As DefenseTech.org reported in July 2005, that second ability is the subject of no less than 3 Phase I SBIR contracts that are trying to duplicate the idea for use by submarines and underwater sensors:
- RD Instruments in San Diego, CA
- Quantum Applied Science & Research, Inc. in San Diego, CA
- Advanced Ceramics Research Inc. in Tucson, AZ.
As a subsequent SBIR contract announcement explains:
“The objective of the topic is to develop a covert/low-observable sensor system for detecting and classifying small, slow moving surface or subsurface bodies in coastal shallow water, bays, port areas, or waterways utilizing weak EM signals or field deviations. This technology has broad applications for both DoD and other Defense agencies.”
Couple that with R&D into artificial shark-skin hull coatings to keep pesky barnacles and algae away, and shark-like products may have a real future.

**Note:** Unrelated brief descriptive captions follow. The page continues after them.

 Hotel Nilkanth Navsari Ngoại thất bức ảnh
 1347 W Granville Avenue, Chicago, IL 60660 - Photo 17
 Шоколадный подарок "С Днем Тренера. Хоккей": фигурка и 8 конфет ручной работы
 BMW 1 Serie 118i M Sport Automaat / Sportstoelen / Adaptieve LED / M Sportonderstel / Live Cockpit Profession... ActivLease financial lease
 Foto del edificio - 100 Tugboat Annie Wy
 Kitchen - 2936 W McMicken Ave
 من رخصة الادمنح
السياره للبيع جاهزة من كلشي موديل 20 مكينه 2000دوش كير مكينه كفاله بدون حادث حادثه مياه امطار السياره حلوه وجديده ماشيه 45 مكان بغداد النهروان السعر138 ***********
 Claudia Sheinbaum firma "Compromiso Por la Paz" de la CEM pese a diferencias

(Originally published July 6, 2005)
June 25/07: Small business qualifier QUASAR Federal Systems, Inc. in San Diego, CA received a $6 million not-to-exceed, indefinite-delivery, indefinite-quantity contract for a Phase III Small Business Innovative Research (SBIR) Program contract for Topic N05-003 entitled “Shark Weak Electromagnetic (EM) Field Detection for Moving Objects.” Work will be performed in San Diego, CA and is expected to be complete in June 2012.
Reaching SBIR Phase III is an indication that prototypes have been created, and the firm is beginning to prepare for product development. This contract was competitively procured using SBIR Program Solicitation under Topic N05-003; 21 offers were received by the Naval Air Warfare Center Aircraft Division in Lakehurst, NJ (N68335-07-D-0017).
As part of its SBIR program, the DoD issues an SBIR solicitation four times a year, describing its R&D needs and inviting R&D proposals from small companies – firms organized for profit with 500 or fewer employees, including all affiliated firms.
Companies apply first for a six-month to nine-month Phase I award of $70,000 to $100,000 to test the scientific, technical, and commercial merit and feasibility of a particular concept.
If Phase I proves successful, the company may be invited to apply for a 2-year Phase II award of $500,000 to $750,000 to further develop the concept, usually to the prototype stage. Proposals are judged competitively on the basis of scientific, technical, and commercial merit.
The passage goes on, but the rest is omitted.